#### Activity
Determine the number of lines in the data that contain "Vert". Answer with that number only.

Stored data:

--

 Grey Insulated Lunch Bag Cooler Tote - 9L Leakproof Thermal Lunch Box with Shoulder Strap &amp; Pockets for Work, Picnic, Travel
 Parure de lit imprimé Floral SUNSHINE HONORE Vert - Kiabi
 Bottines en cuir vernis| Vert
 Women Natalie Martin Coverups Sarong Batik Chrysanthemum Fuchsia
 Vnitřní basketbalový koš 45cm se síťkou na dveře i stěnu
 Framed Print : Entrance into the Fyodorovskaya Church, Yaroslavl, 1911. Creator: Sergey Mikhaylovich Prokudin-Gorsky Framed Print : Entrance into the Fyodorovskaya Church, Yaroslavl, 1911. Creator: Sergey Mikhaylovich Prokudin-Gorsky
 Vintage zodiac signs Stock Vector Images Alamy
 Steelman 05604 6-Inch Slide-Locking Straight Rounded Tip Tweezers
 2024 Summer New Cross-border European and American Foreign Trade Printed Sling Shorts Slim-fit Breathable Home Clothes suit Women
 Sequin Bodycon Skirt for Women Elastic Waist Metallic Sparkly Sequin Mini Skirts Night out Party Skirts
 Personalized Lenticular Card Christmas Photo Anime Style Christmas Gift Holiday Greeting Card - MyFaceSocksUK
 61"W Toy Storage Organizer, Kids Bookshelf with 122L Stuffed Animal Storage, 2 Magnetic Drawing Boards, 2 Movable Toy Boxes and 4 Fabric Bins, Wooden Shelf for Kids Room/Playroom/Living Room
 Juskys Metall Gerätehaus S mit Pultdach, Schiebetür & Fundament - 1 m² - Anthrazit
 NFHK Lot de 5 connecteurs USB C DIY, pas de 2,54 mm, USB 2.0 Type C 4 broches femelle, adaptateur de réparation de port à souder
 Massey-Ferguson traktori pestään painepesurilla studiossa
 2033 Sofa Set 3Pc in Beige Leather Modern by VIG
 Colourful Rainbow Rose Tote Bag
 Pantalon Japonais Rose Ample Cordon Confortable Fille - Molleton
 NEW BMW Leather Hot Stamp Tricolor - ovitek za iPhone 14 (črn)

--

#### Exercise solution
2